Bill Harlow

Personal information
- Full name: William Bill Harlow
- Born: December 5, 1943 (age 82) Sewanee, Tennessee, U.S.

Sport
- Country: United States
- Sport: Wrestling
- Events: Freestyle and Folkstyle
- College team: Oklahoma State
- Team: USA
- Coached by: Myron Roderick

Medal record
Men's freestyle wrestling
Representing the United States
World Championships
| Silver medal – second place | 1970 Edmonton | 90 kg |
Collegiate Wrestling
Representing the Oklahoma State Cowboys
NCAA Division I Championships
| Gold medal – first place | 1966 Ames | 191 lb |
| Silver medal – second place | 1964 Ithaca | 177 lb |
| Silver medal – second place | 1965 Laramie | 177 lb |
Big 8 Championships
| Gold medal – first place | 1965 Norman | 177 lb |
| Gold medal – first place | 1966 Manhattan | 191 lb |
| Silver medal – second place | 1964 Stillwater | 177 lb |

= Bill Harlow (wrestler) =

American wrestler (born 1943)

William Bill Harlow (born December 5, 1943) is an American former freestyle and folkstyle wrestler. In 2016, Harlow was inducted into the National Wrestling Hall of Fame as a Distinguished Member.

== High school ==
Harlow wrestled for St. Andrew's School in Sewanee, Tennessee and enjoyed much success. As a high school senior in 1962, he was a Mid-South, State and National Prep champion, earning Most Outstanding Wrestler honors at all three tournaments.

== College ==
As a sophomore and junior at Oklahoma State University in 1964 and 1965, he finished second at the NCAA Division I Wrestling Championships at 177 lb. He moved up to 191 lb as a senior in 1966 and became the NCAA champion, helping OSU to win its second national team title during his time there. Harlow was also a two-time Big Eight Conference champion. His record at Oklahoma State was 54-5-2.

== Senior level ==
After leaving OSU, Harlow went on to win three national titles in freestyle wrestling.

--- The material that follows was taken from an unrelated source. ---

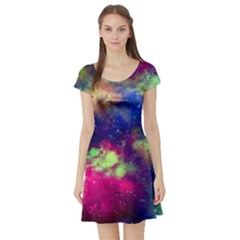 Colorful Space Black A Fun Night Sky The Moon And Stars Short Sleeve Skater Dress by CoolDesigns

He won a silver medal at the 1970 World Wrestling Championships, falling to Soviet Gennady Strakhov in the finals at 90 kg.

== Later life==
Harlow later became a high school coach, administrator and principal, retiring in 2013.

In 2016, Harlow was inducted into the National Wrestling Hall of Fame as a Distinguished Member.